▶ **WHAT THE TASK ASKS**
Going down the listing below, print exactly each line from the one with "RGB Mouse Pad" up to and including the one with "Free People White", and skip the rest.
# # # #
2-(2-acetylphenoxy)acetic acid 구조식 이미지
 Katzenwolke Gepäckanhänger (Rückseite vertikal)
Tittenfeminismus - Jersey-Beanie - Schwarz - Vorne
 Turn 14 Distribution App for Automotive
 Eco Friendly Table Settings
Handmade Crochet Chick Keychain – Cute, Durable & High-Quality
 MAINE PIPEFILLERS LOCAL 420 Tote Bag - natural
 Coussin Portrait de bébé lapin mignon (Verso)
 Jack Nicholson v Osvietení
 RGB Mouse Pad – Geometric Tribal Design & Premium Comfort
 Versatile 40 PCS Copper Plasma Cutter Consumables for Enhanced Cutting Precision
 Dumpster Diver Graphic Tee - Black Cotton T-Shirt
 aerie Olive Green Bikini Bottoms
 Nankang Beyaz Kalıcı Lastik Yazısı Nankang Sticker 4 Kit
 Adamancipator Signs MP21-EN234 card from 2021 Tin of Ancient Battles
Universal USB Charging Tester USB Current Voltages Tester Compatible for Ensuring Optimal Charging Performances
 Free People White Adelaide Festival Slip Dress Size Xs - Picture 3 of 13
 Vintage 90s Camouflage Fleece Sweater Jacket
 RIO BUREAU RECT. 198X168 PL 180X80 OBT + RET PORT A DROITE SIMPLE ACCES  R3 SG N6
# # # #
▶ **WORKED SOLUTION**
 RGB Mouse Pad – Geometric Tribal Design & Premium Comfort
 Versatile 40 PCS Copper Plasma Cutter Consumables for Enhanced Cutting Precision
 Dumpster Diver Graphic Tee - Black Cotton T-Shirt
 aerie Olive Green Bikini Bottoms
 Nankang Beyaz Kalıcı Lastik Yazısı Nankang Sticker 4 Kit
 Adamancipator Signs MP21-EN234 card from 2021 Tin of Ancient Battles
Universal USB Charging Tester USB Current Voltages Tester Compatible for Ensuring Optimal Charging Performances
 Free People White Adelaide Festival Slip Dress Size Xs - Picture 3 of 13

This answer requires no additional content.